What the task requires: Nothing but the lines from the one with "Gather around the" through the final line of the entries below should be written out, each exactly as given.

Data records:
- - -

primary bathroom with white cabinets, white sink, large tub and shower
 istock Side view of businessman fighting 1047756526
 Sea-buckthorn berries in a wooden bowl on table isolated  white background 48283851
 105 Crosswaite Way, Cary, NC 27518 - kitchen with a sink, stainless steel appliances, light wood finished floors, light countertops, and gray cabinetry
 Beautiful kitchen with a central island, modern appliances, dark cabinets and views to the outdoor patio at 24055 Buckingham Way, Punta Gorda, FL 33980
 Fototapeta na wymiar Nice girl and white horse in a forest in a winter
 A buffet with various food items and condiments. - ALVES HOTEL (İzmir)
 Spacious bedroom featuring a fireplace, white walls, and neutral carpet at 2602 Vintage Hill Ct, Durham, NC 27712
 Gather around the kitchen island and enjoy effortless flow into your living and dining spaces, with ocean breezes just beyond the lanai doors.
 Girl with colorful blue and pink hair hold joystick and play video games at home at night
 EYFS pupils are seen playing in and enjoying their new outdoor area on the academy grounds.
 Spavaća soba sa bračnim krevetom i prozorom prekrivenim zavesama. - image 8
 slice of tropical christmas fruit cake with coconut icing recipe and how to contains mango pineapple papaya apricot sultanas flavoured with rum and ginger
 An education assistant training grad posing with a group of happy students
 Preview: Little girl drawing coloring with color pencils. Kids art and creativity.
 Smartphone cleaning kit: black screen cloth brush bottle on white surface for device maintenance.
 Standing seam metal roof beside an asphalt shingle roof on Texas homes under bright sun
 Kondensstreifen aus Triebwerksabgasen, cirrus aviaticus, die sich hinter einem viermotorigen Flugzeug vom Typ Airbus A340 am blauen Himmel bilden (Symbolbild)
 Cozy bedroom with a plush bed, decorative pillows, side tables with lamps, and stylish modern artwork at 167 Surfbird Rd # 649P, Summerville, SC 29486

- - -

Answer space:
 Gather around the kitchen island and enjoy effortless flow into your living and dining spaces, with ocean breezes just beyond the lanai doors.
 Girl with colorful blue and pink hair hold joystick and play video games at home at night
 EYFS pupils are seen playing in and enjoying their new outdoor area on the academy grounds.
 Spavaća soba sa bračnim krevetom i prozorom prekrivenim zavesama. - image 8
 slice of tropical christmas fruit cake with coconut icing recipe and how to contains mango pineapple papaya apricot sultanas flavoured with rum and ginger
 An education assistant training grad posing with a group of happy students
 Preview: Little girl drawing coloring with color pencils. Kids art and creativity.
 Smartphone cleaning kit: black screen cloth brush bottle on white surface for device maintenance.
 Standing seam metal roof beside an asphalt shingle roof on Texas homes under bright sun
 Kondensstreifen aus Triebwerksabgasen, cirrus aviaticus, die sich hinter einem viermotorigen Flugzeug vom Typ Airbus A340 am blauen Himmel bilden (Symbolbild)
 Cozy bedroom with a plush bed, decorative pillows, side tables with lamps, and stylish modern artwork at 167 Surfbird Rd # 649P, Summerville, SC 29486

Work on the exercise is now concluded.